'''
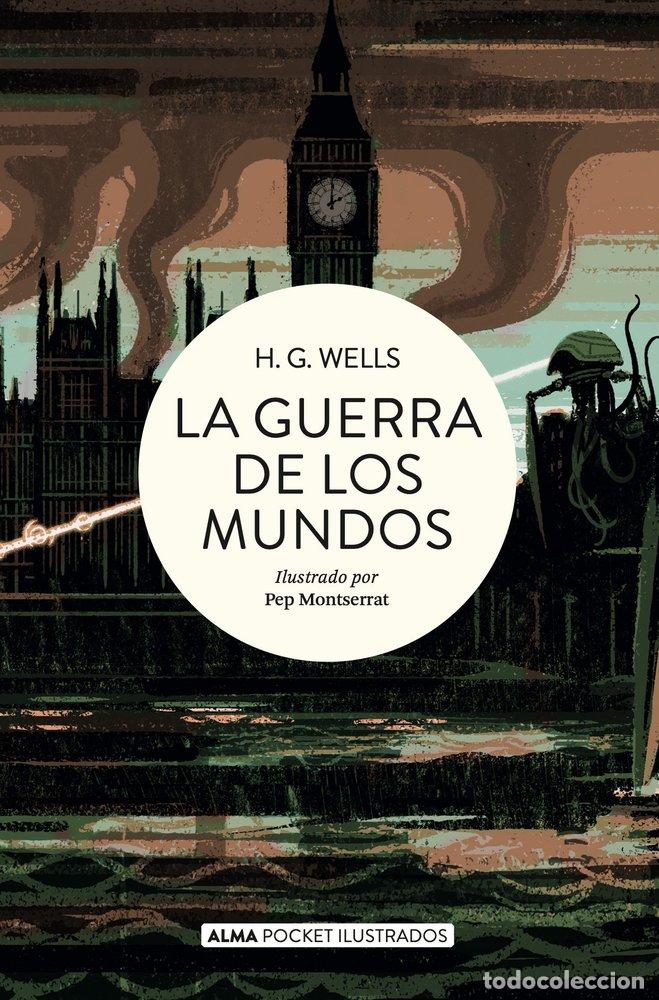B&uuml;cher: LA GUERRA DE LOS MUNDOS POCKET - WELLS, H. G.
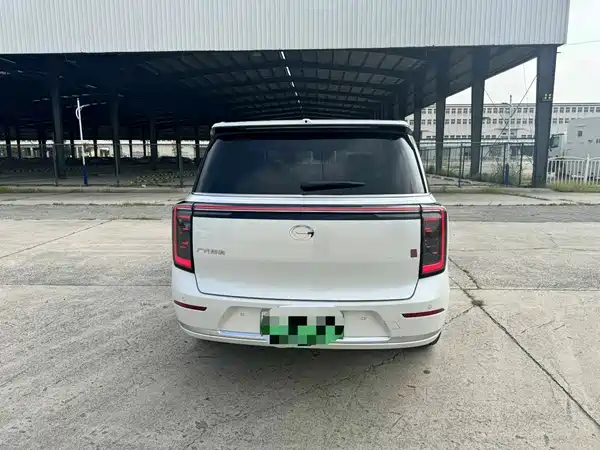 GAC Trumpchi S9 2025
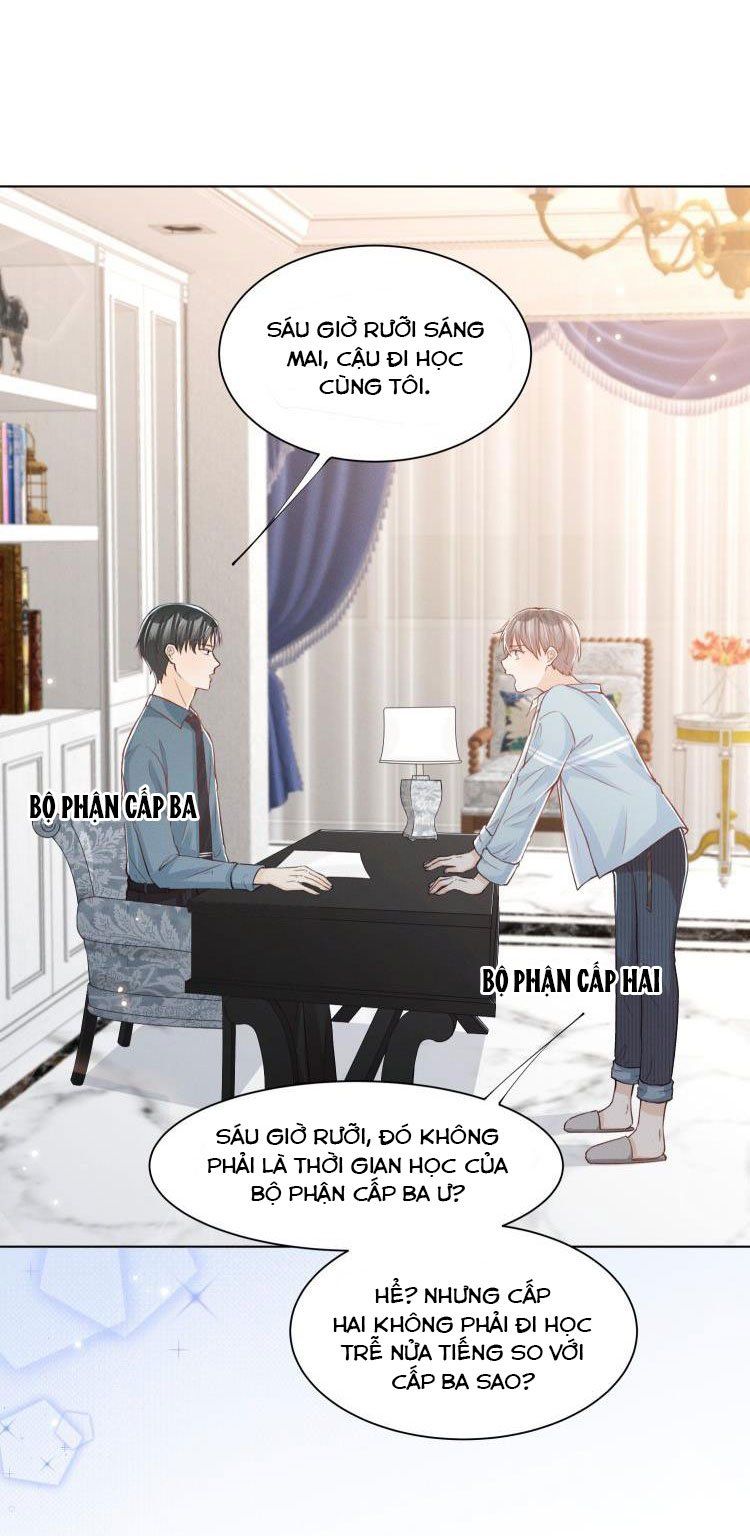 Chỉ Dẫn Ngược Sáng Chapter 9 - Trang 7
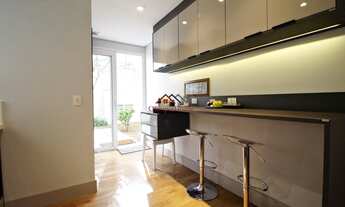 Imagem 7: Apartamento Locação Higienópolis 100 m² 1 Dormitórios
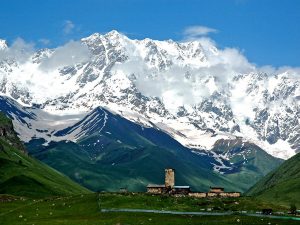 Mountain-Georgia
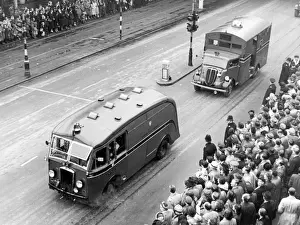 Lord Mayors Show, LFB Emergency Tender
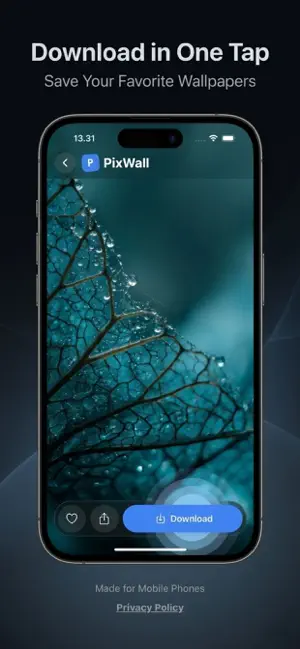 PixWall 4K Phone Wallpaper screenshot 4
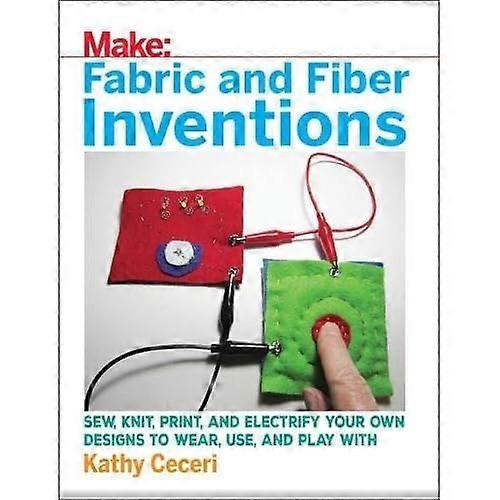 Fabric and Fiber Inventions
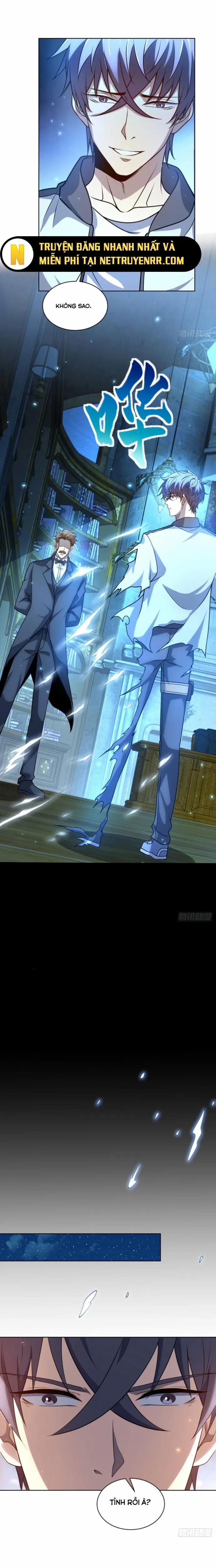 Bệnh Viện Chư Thần Của Tôi 25 trang 9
'''
Reproduce the records exactly, starting with their first line and ending with the line that contains "Fabric and Fiber Inventions", though pictures should be dropped.

* **Final answer**
B&uuml;cher: LA GUERRA DE LOS MUNDOS POCKET - WELLS, H. G.
 GAC Trumpchi S9 2025
 Chỉ Dẫn Ngược Sáng Chapter 9 - Trang 7
 Imagem 7: Apartamento Locação Higienópolis 100 m² 1 Dormitórios
 Mountain-Georgia
 Lord Mayors Show, LFB Emergency Tender
 PixWall 4K Phone Wallpaper screenshot 4
 Fabric and Fiber Inventions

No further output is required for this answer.